# My Funk Gypsy Jazz project makes Billboard!



## Craig Sharmat (Feb 10, 2015)

Just released "Bounce" a groove gypsy jazz thing. So far about half of America's contemporary jazz stations have picked it up.

I was also asked to do a video for it...something I have never attempted, but found creating a video with footage very similar to scoring to picture.

Here is the vid

https://www.youtube.com/watch?v=pHcRuGqogN0

hope you like!


----------



## windshore (Feb 10, 2015)

Yeah!


----------



## artsoundz (Feb 10, 2015)

*Re: My Funk Gypsy Jazz project*

Wonderful! Great video and love the guitar/ flute line. Way to go.


----------



## wst3 (Feb 10, 2015)

really nice tune, love the guitar, and the production and the video are first rate! Well done!


----------



## Craig Sharmat (Feb 12, 2015)

*Re: My Funk Gypsy Jazz project*

Thanks so much...and a little recognition!


----------



## JohnG (Feb 12, 2015)

Rock on, Craig!!


----------



## Ned Bouhalassa (Feb 12, 2015)

Bravo, mon ami!


----------



## Mike Marino (Feb 12, 2015)

Wicked! Congrats Craig!


----------



## R. Soul (Feb 12, 2015)

Don't forget us little people when you hit it big time. :mrgreen:

But seriously, that is awesome. Congrats. 
What position?
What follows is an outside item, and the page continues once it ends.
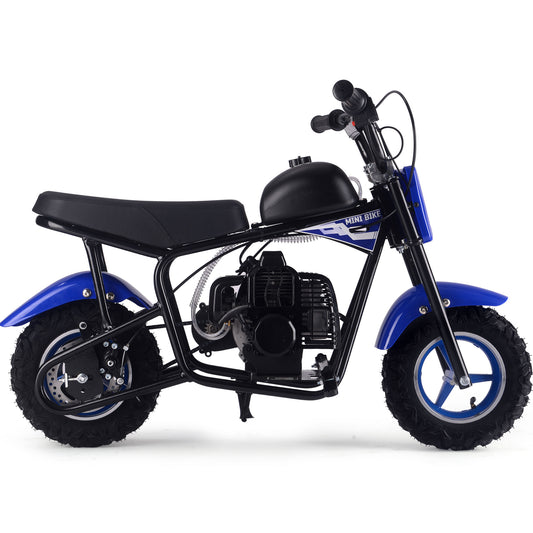 MotoTec Urchin 49cc 2-Stroke Kids Gas Mini Bike Blue - view 2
I couldn't see it on the link.


----------



## Valérie_D (Feb 12, 2015)

Oui, Bravo!!


----------



## Craig Sharmat (Feb 12, 2015)

Thanks everyone for the well wishes!

Peter, It is a chart of the most increased spins on Billboard's Contemporary Jazz chart.
I came in at #1 tied with Diana Krall.


----------



## Richard Wilkinson (Feb 12, 2015)

Congrats! Love the track too. Good job on the video considering that's a new thing to you. I would've liked to see the clips synced perfectly to the beat, but that's a minor quibble - and it's all about the music anyway, which is fab.


----------



## A/V4U (Feb 22, 2015)

Congrats! Love it.


----------



## Mike Greene (Feb 22, 2015)

Very cool!


----------



## pkm (Feb 22, 2015)

That's fantastic, congrats! I bet that footage was not easy to license, but it made for a cool video!


----------



## Craig Sharmat (Feb 22, 2015)

Thanks guys

Paul, the footage is PD and available online free through the Library of Congress.
There is a specific link I have bookmarked but away from my computer right now if you ever desire it. Lots of people use the pd stuff for obvious reasons.


----------



## pkm (Feb 22, 2015)

Oh even better! I worked on a project that used a lot of old archival footage and they said it was a big pain. Looks great!


----------



## jim2b (Feb 25, 2015)

Hi Craig,

I love this!!!!

Fabulous work!

Jim


----------



## Hannes_F (Feb 25, 2015)

Cool stuff, love it!


----------



## Phil C. (Feb 25, 2015)

Excellent !
Congrats !


----------